Official answer (as per MS docs) to the general query "Can you access the Metro version of a non-default browser in Windows 8?"
Short answer: As per Microsoft's guidelines, only the default browser can access/participate in the "Metro style experience". So this behaviour is clearly intentional and unless Microsoft changes its guidelines or a browser-maker flouts them or some sort of hack is created, we're stuck with it.
The MSDN article titled White papers for Windows Store apps links to an interesting white paper titled Developing a Metro style enabled Desktop Browser that lists Microsoft's guidelines. Here's the document description:
In Windows 8, the browser that the user sets as the default for handling web pages and associated protocols may be designed to access both the Metro style experience as well as the traditional desktop experience. This type of browser is called a "Metro style enabled desktop browser." This white paper describes how to build such a browser.
Here are the interesting bits:
In Windows 8, the browser that the user sets as the default for handling webpages and associated protocols may be designed to access both new experiences as well as the traditional desktop experience.
New experience enabled desktop browser. A desktop browser that chooses to participate in the new experience when the user has expressed preference for the browser to do so. Such a browser can provide HTML5 rendering for webpages and service HTTP / HTTPS requests. By definition, such a browser has full access to Win32 APIs for rendering HTML5, including the ability to use multiple background processes, JIT compiling, and other distinctly browser-related functionality (like background downloading of files). Desktop browsers typically run at medium or low integrity level.
User experience framing.

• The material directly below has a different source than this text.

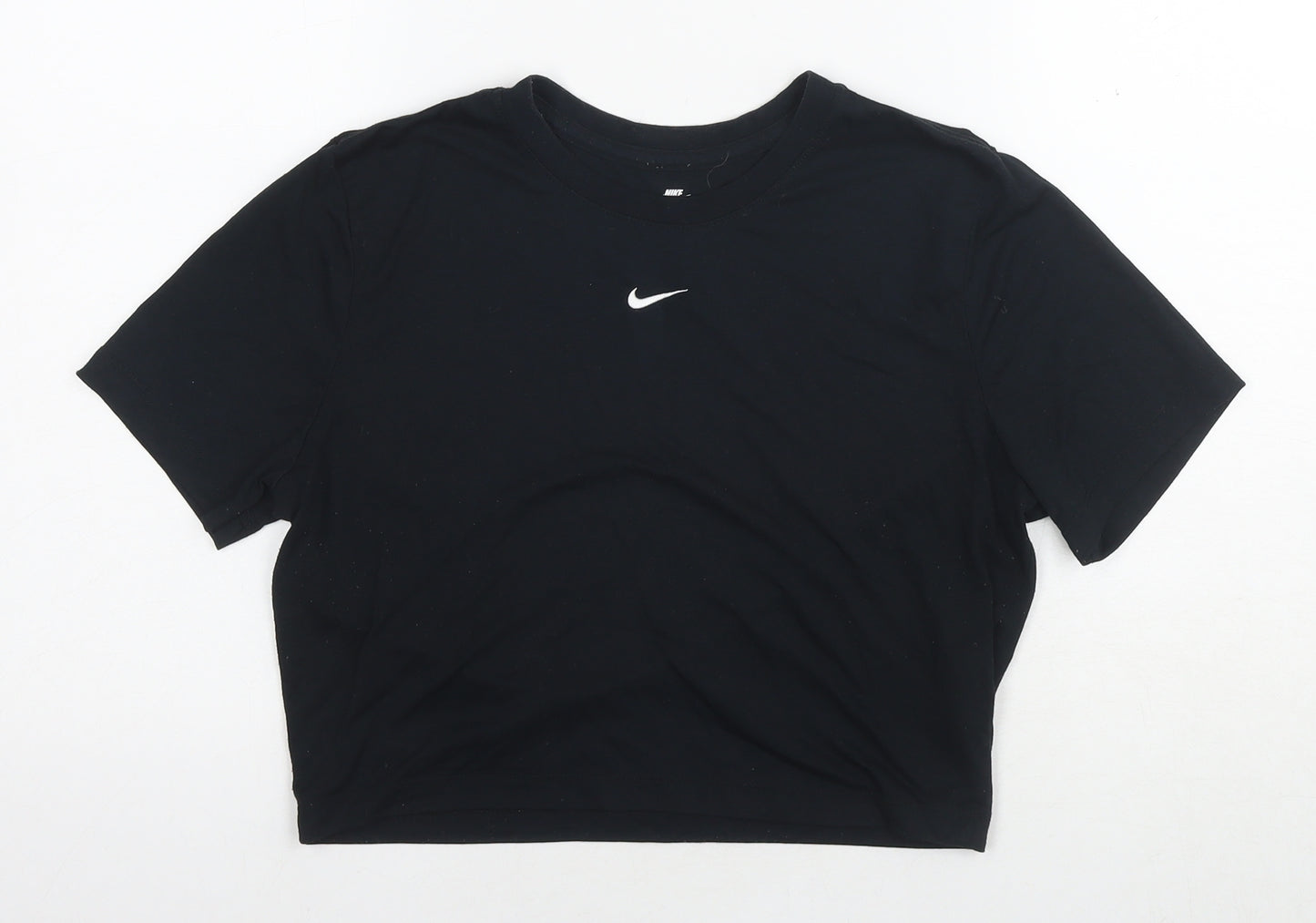 Nike Womens Black Modal Cropped T-Shirt Size L Round Neck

A new experience enabled desktop browser may participate in the new user experience only if it is the default browser. Desktop apps (typically packaged as .MSI, medium integrity level) run in the desktop. Windows Store apps (.appx packaged, run in App Containers, API set restricted to the Windows SDK for Windows Store apps, acquired via the Windows Store) run in the new experience. A new experience enabled desktop browser can be thought of as a desktop browser that can also participate in the new experience. The restriction to limit new user experience participation to the user's default browser is rooted in preserving the new user experience. Note that this limitation applies to all browsers, including Internet Explorer.
Tiles. If the default browser supports the new user experience, the browser's app tile (and secondary tiles, if they exist) will display in Start in a manner similar to Windows Store apps (as defined by properties that were specified in the .XML manifest that was copied during browser installation). Otherwise, the tile will appear as a desktop app. Verbs appropriate to the new user experience and desktop mode of the app will appear on the tile. ... The default new experience enabled desktop browser always appears as a square tile. Any secondary tiles belonging to the default new experience enabled desktop browser also appear with new user experience tile visuals.

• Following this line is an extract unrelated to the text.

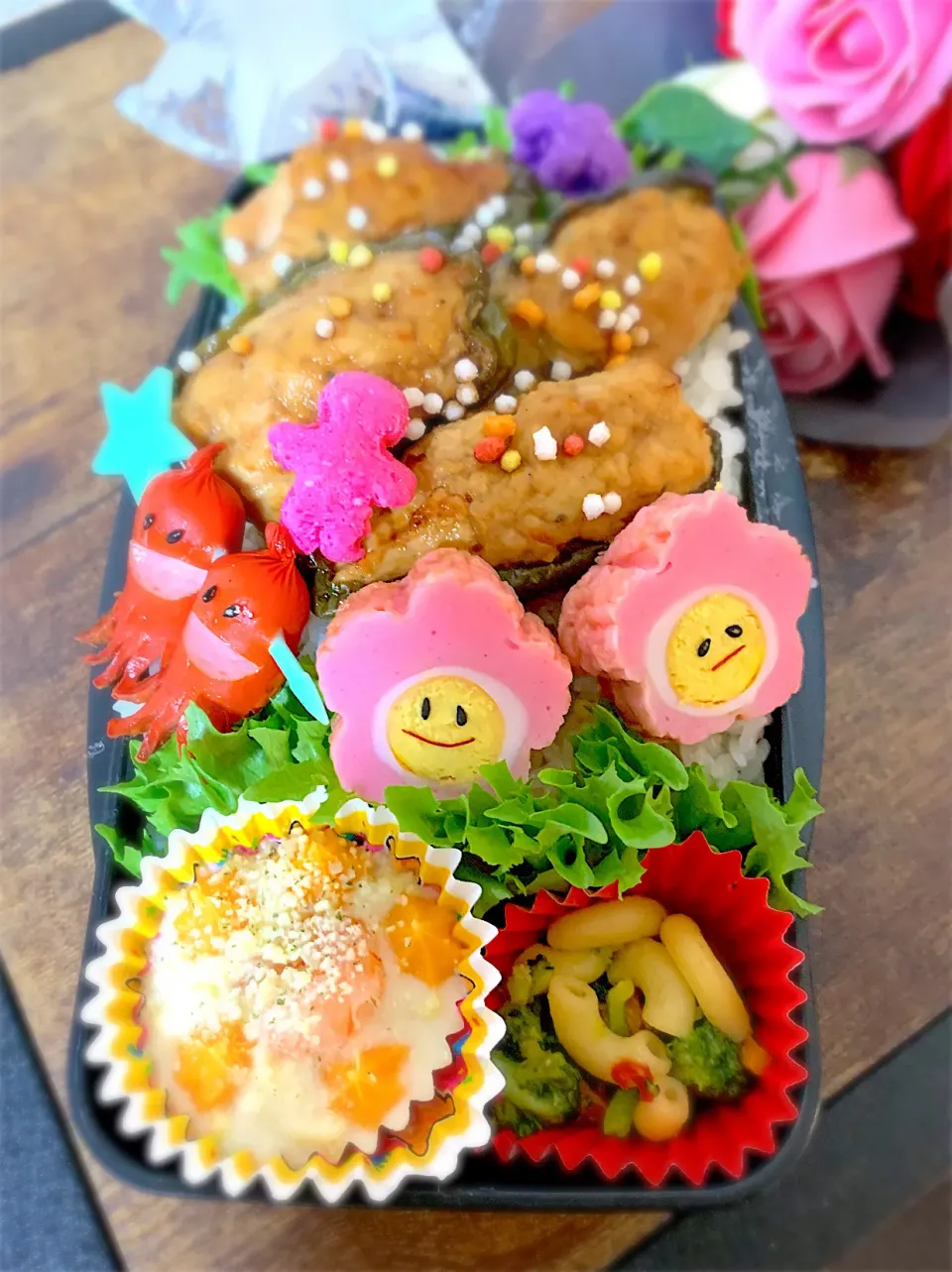 #ピーマンの肉詰め 
 #のっけ弁 
 #むすこ弁当 
#週の初め
 #行ってらっしゃい🙋‍♀️|Yukaさん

Activation (launch). The following rules govern app activation:
Desktop shortcuts, pinned taskbar icons, and other "desktop artifacts" activate the new experience enabled desktop browser in the desktop.
Tiles in the Start screen activate the browser in the new user experience when the browser is the default. When the browser is not the default, tiles activate the browser in the desktop. This same behavior also applies to a browser's secondary tiles.
It is strongly recommended that browsers implement "contextual launching". This means taking the calling app's presentation (desktop or new user experience) into account when determining the browser's presentation (desktop or new user experience) for activations originating from other apps, such as when a user clicks an http:// link in their mail app.
Search contract activations always activate in the new user experience. These activations can only occur if the browser is the user's default.
We recommend that browsers provide a configurable setting to give users control over their preferred presentation experience. For example, a setting named "Choose how you open links", with options a) Always launch the new experience, b) Always launch in the desktop, c) Let the browser decide, aka contextual (suggested default).
Invocation into desktop presentation. If the new experience enabled desktop browser is not currently selected as the user's default browser, it can only launch in the desktop.
Windowing. A new experience enabled desktop browser, configured as the user's default, can choose to participate either in the new user experience or the desktop, but not both from the same running process.
Update (Possible workaround): Ok, someone needs to confirm that this works on their systems as well:
Suppose Firefox Nightly is set as the default browser. Go to
Control Panel / Programs / Default Programs / Set Default Programs / (Firefox) Nightly / Choose defaults for this program:
Protocols like FTP, HTTP and HTTPS:
Now when you run IE (even though it's not the default), does the Metro version run?